I’m a little confused about the difference between steps and iterations.
I’m training a large model on a big dataset, and I want to arbitrarily define an epoch as training on 2048 batches. This will allow me to get frequent checkpoints that I can test.
I wrote this code to achieve that:
checkpoint_callback = pl.callbacks.ModelCheckpoint( save_top_k=2, monitor="val_loss", mode="min", ) trainer = pl.Trainer(limit_train_batches=2048, accelerator='gpu', devices=4, strategy='dp', max_epochs=100, log_every_n_steps=5, callbacks=[checkpoint_callback], precision=16) trainer.fit(model, train_dataloaders=train_loader.loader, val_dataloaders=val_loader.loader)
The dataloader uses a batch size of 768, so 2048 * 768 ~= 1.5M images. I estimated this would take 3 hours to train 1 epoch.

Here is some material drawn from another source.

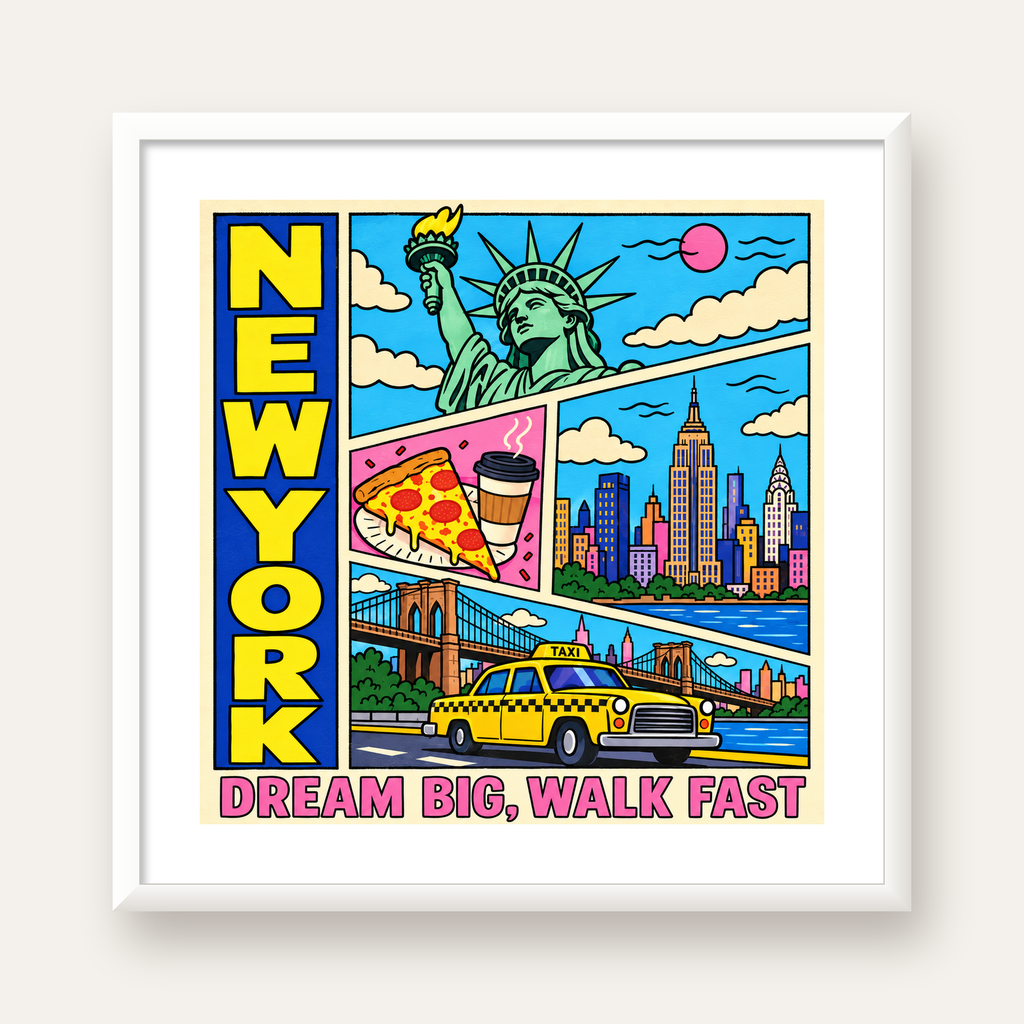 New York Pop-Art Poster – Renkli Şehir İllüstrasyonu — beyaz çerçeveli kare poster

However, the progress bar was counting
iterations and the epoch went on for a very long time (~9 hours). In the end it completed
23871 iterations before ending the epoch. The next epoch had a different number of iterations (31K)!
When I view the checkpoint the filename says
steps=2048. But I can’t see any logical pattern between steps and iterations.
If someone could explain the difference and why I’m seeing this behaviour I would be really grateful.